Eventually the dispute reached the Press Complaints Commission.
Azadehdel, now describing himself as a 'prominent researcher into corn
circles', accused the newspaper -- specifically Turner, editor Martin
Dunn, and Graham Brough, who had written the story -- of 'tricking
people and seriously undermining research into the phenomenon'.
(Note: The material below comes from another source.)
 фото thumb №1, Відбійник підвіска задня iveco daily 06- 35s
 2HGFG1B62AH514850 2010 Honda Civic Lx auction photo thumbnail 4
Henry remained confident that judgment would be favourable.  "I am 80
per cent sure we will win," he told Dr. Terence Meaden, a former
physics professor and editor of the Journal of Meteorology.  With
Meaden also recording the call, Azadehdel clarified his true intention
in bringing the action.  "An when we do win," he said, "I will sue
Today for damages."

Exactly what would have constituted damages in a case such as this was
never established; in any case, the judgement went in favour of the
paper.  Meanwhile, Cerealogist editor George Wingfield -- whose
codename for Henry was 'Snowdrop' -- and other crop-commandos
continued to investigate the mysterious 'MBF Services', dividing their
attention between a tiny defence industry contractor in a sleepy
Somerset village where windowless stables looked a lot like
laboratories, someone noted, and a Scottish rubber stamp manufacturer
of the same name.

Henry's come-uppence began when he obtained and widely published the
classified personnel records of Dr. John B. Alexander, a former US
Army colonel and Director of the Non-lethal Weapons Division of Los
Alamos National Laboratories, New Mexico.  Azadehdel's FOIA request
for Alexander's military records was initially turned down by the Los
Alamos Public Office but his follow-up for more details hit paydirt;
the office mistakenly returned the unadulterated file.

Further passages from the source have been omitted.